The delegation initially travelled to Sochi “in order to advance the peace process and achieve a serious political transition,” Ahmad Tomah said in a video statement that was recorded at the airport, “but we were surprised that none of the promises made were fulfilled.”

“The barbaric bombing of civilians did not cease,” he said.

On Tuesday, a warplane airstrike hit the city of Ariha in central Idlib province, killing 15 people and injuring more than 20 others, Hameed Qadaini, a member of the province’s Civil Defense force, told Syria Direct.

Aftermath of an airstrike that hit Ariha on Tuesday. Photo courtesy of Civil Defense Idlib.

The attack followed dozens of airstrikes that hit towns across the province on Monday just as the first delegates arrived in Sochi. Suspected Russian strikes on a vegetable market in Saraqeb, which lies just east of Ariha, killed at least 11 civilians on Monday, Syria Direct reported.

Idlib province is covered by one of four “de-escalation zones” established across rebel-held territory in Syria under a deal brokered by Russia and Iran last May. The zones do not, however, apply to Hay’at Tahrir a-Sham, a hardline rebel coalition that controls most of Idlib.

But symbols, as much as bombings, appeared to play a role in the delegates’ refusal to leave the Sochi airport on Tuesday.

“We didn’t accept entering the airport lobby in Sochi under regime flags and banners,” Ahmad al-Hadawi, a tribal leader and opposition representative from Deir e-Zor told Syria Direct from the airport on Tuesday.

Photos of the Sochi airport shared on social media showed a number of banners prominently featuring the official Syrian flag and emblem used by the government. Opposition symbols were absent.

In Tomah’s video statement from the airport, the former interim government president called on Turkish delegates to represent opposition interests.

“The Turkish delegation remains present in Sochi, carrying our demands and seeking to achieve them,” he said.

Tomah’s conclusion came despite reports that Russian officials received “assurances” from their Turkish counterparts that any opposition refusal to participate would “be resolved,” as state-owned news agency Russia Today reported Tuesday morning. The report did not specify what assurances were provided.

Syrian government flags appear in welcome banners at the Sochi International Airport on Friday. Photo courtesy of Asaad Hanna.

The departure of Tomah’s opposition delegation did not prevent the Sochi talks—which aim to launch the drafting of a new Syrian constitution—from officially beginning on Tuesday in what was expected to be a one-day event.

About 100 other opposition representatives are in attendance, a former rebel faction commander told Syria Direct from inside the conference. The commander, who arrived from Geneva on Monday, requested anonymity due to fears of Russian repercussions while present at the talks.

The opposition members are among “about 1,500 persons representing spectrums of the Syrian society” who are participating, Syrian state media outlet SANA reported on Tuesday.

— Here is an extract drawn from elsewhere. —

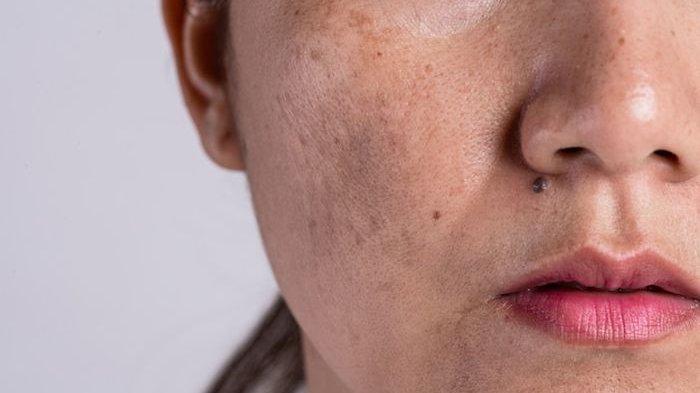 Flek hitam di wajah yang menganggu penampilan ini bisa kamu atasi dengan menggunakan masker dari biji selasih.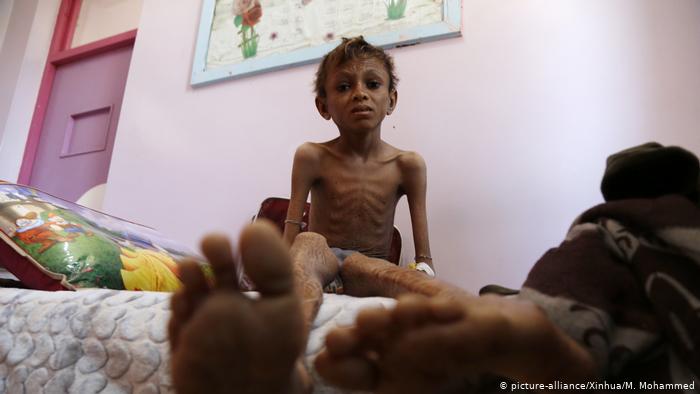 Anouar_____'s tweet photo. Ils ne s'appellent pas #Rayan mais ils ont besoin de vous aussi, 18 000 d'entre eux meurent chaque jours de faim, ne les oublions pas https://t.co/JqxX4iWiOd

Representatives of Russia, Iran and Turkey—the co-sponsors of the talks—were also expected to be present at the meeting, as was UN Special Envoy on Syria Staffan de Mistura. Other prominent parties to the conflict declined to join, including the United States.

The Kurdish Democratic Progressive Party (KDPP), a prominent Syrian Kurdish political organization, announced its own refusal of an invitation to the talks on Sunday, following Turkey’s launch of an ongoing air and ground offensive against the Kurdish-controlled territory of Afrin earlier this month.

“Turkey has become an essential power in the Sochi talks, and this essential power is killing dozens of Kurdish children every day,” KDPP founder Abdel Hamid Darwish told Kurdish broadcast station Kurdistan 24.

A number of other prominent Kurdish parties, including the Democratic Union Party (PYD) that administers northern Syria’s majority-Kurdish regions, were not invited.